常葉学園大学・大学院企画 今井瑾郎個展』
アーティスト・イン・レジデンス
三重県立美術館学芸員 東 俊郎


 「谷間」とは「谷と谷のあいだのこと」だと説明した辞書があったといつかきいたことがある。阿々。それならその辞書で「空間」をさがせばはたして「空と空のあいだ」とかいてあるのか、ないのか。 谷と谷のあいだは谷間ではないとしても空と空のあいだは空間でありうるし、その空はまた無であり虚であるとするとなおさら無と無とのあいだ虚と虚とのあいだには微塵が宇宙の密度で散華した空間がどこまでも透明にひろがっているのかもしれない。或いはそうであるなら空間とは虚無と虚無とにはさまれた虚でなく無ならざる、たとえば満月の月の庭の石をあらう月の光のようなものということもまた可ではないか。有乎無乎。有耶無耶。もっともこういう無の談義はきりがない。有と無をたがいにしりとりする知的遊戯の果ては、ものの重みをなくした紙のうえで紙よりもふわふわと舞い踊ることばにちかづくか、ふるい壁の無数にひびわれた亀裂に似た象形文字も同様にむずかしくて誰も読むことができない。かたればかたるほど空間は昏いあたまのなかに閉ざされてゆくことになる。

 そういったわけで、発芽しかけた時のままにとまつていたぼくの「空・間」という仮死のことばにいのちの息をふきこんでくれたのはベルグソンとかヴァレリーと呼ばれる異国の遠き神々ではなくて今井瑾郎の作品だったといえば、これはちょつとおおげさすぎるだろうか。なんだ唐人の寝言みたいだと笑っていいのである。

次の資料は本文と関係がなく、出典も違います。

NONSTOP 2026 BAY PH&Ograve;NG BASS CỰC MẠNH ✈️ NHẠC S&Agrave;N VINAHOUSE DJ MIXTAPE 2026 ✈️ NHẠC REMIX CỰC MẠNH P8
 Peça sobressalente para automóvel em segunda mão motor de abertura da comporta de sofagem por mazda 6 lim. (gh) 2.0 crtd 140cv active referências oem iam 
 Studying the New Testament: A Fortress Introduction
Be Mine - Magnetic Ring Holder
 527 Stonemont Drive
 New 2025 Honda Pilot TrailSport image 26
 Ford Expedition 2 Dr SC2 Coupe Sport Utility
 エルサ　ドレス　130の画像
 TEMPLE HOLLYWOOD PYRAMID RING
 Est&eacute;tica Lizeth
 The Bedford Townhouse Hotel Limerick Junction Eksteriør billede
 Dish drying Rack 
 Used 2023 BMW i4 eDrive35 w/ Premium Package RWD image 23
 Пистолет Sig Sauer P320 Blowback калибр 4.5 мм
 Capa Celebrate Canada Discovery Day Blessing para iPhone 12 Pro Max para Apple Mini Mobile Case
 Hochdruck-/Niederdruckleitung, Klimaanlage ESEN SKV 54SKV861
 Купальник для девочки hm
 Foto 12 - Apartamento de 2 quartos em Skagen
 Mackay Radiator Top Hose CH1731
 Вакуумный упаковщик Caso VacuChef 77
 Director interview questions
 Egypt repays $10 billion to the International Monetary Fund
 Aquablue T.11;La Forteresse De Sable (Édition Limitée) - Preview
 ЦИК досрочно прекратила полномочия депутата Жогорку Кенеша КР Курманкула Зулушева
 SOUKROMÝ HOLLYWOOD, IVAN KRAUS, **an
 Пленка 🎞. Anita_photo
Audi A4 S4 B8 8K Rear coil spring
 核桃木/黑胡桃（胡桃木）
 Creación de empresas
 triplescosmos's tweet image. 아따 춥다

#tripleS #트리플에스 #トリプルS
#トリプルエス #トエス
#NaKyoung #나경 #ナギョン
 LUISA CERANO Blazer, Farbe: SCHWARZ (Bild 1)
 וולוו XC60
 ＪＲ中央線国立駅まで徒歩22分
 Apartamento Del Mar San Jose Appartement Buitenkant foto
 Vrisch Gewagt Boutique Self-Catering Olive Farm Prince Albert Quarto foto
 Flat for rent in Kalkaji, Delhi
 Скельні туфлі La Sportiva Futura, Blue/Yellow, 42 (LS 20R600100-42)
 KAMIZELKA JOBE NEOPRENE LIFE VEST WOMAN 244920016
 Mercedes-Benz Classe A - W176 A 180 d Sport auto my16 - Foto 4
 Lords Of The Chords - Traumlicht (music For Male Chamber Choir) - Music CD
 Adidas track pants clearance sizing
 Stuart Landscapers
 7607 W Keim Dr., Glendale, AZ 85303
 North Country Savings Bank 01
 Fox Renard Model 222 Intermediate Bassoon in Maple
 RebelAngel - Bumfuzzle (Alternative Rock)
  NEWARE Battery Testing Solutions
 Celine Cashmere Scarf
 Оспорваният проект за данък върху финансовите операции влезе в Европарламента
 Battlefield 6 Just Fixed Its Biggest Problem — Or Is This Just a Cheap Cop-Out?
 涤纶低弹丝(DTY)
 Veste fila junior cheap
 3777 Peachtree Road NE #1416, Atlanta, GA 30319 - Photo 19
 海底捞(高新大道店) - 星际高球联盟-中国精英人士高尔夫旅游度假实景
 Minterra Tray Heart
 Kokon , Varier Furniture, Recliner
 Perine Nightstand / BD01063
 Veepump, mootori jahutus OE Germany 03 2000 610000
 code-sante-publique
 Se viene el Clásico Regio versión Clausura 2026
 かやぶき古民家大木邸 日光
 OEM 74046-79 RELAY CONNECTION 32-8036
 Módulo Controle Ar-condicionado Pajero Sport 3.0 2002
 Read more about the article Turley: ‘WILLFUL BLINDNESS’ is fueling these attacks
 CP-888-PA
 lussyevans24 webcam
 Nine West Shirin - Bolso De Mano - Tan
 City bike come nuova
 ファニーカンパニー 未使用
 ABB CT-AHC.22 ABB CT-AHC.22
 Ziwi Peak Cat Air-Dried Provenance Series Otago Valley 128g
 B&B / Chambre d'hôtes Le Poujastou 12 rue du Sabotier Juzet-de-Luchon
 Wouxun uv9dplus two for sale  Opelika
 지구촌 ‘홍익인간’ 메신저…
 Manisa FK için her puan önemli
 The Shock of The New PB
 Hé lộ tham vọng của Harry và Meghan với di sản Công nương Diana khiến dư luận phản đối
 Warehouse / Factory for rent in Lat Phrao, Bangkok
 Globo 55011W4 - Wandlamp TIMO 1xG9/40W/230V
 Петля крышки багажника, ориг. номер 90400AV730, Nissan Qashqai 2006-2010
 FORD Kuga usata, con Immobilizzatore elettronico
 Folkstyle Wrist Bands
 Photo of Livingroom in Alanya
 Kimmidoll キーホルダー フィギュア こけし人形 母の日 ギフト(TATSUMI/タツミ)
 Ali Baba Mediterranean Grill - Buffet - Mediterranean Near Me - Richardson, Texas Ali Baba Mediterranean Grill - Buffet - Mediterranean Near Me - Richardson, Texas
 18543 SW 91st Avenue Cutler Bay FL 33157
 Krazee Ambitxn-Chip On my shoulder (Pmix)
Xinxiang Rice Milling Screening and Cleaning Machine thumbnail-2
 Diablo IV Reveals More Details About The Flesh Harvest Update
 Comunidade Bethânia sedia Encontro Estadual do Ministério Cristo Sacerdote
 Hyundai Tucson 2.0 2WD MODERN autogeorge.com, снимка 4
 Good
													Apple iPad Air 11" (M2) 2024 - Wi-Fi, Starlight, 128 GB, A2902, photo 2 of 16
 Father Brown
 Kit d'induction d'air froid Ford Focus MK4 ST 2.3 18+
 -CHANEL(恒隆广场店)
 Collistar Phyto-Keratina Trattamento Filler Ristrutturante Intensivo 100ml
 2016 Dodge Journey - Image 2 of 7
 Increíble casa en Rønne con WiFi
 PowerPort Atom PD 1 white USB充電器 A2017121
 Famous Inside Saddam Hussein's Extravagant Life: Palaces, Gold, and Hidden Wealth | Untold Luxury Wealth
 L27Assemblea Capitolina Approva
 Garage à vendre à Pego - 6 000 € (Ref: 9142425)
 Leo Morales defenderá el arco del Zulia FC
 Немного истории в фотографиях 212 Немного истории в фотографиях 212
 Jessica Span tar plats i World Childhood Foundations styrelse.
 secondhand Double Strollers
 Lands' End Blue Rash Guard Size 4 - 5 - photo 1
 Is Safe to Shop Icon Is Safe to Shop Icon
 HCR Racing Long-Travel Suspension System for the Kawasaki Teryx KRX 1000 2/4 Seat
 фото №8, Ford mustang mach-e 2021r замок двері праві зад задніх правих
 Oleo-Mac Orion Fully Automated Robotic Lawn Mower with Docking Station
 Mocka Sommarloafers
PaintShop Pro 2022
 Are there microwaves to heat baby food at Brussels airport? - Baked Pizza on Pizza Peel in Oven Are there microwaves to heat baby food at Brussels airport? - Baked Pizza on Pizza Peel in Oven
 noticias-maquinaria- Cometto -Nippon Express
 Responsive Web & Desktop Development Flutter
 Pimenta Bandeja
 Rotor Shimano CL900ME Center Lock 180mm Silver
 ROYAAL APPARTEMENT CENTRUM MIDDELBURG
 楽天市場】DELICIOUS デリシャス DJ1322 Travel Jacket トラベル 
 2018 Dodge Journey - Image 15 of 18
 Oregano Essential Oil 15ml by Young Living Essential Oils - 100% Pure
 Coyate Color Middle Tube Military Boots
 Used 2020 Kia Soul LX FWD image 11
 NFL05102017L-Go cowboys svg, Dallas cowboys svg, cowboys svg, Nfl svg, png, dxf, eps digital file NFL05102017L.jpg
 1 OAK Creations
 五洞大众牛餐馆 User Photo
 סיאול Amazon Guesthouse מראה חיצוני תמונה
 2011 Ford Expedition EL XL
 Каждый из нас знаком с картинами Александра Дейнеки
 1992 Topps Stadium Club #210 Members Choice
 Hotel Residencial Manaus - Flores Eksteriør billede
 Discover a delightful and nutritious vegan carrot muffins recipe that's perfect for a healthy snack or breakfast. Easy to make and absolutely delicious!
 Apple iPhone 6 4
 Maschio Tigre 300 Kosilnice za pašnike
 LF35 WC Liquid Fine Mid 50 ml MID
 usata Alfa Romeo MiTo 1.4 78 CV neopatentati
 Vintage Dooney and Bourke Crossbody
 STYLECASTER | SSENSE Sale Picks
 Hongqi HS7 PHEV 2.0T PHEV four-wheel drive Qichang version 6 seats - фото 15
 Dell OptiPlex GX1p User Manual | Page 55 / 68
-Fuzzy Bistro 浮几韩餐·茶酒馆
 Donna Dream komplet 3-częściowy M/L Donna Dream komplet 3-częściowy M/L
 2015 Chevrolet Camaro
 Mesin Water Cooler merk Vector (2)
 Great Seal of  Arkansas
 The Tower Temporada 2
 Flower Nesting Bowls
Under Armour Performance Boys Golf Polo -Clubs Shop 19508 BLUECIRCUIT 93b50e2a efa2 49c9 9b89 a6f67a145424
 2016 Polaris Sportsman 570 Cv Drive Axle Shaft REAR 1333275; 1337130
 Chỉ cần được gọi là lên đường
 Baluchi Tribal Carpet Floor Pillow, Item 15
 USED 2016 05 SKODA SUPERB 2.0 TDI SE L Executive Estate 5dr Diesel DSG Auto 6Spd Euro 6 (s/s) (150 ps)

 ただぼくはもう二十年前にさかのぼるその寝言をいまいちど思いだしているだけだ。ことばそのものが詩ではなくて、ことばの意味性を發無するちからから詩がうまれるように、物質であるものの表層をすつと逸脱してくる感覚がやってくるや、やがてたしかにそれがみえてきたと感じたのである。

 それはいまここに「空・間」があるとなづけるしかない体験で、しかもその「空・間」はまわりを空気のようにとりまくというよりも、手足をもち、そして眼や鼻もそなえているといえばいえる、ぼくらの幻の身体に似ているということも。もちろんこの幻の身体はぼくのというより遥かに今井さんにちかかつただろう。

 その証拠に影ということがあった。強力な光源にてらされた境界となるその影たちはためらいがちにわれありとかたりたがっている。光非輝境、境亦非在、光境倶亡とはいかずに、せかいであろうとしていたのだ。つよい「空・間」をめざすといつてもいい。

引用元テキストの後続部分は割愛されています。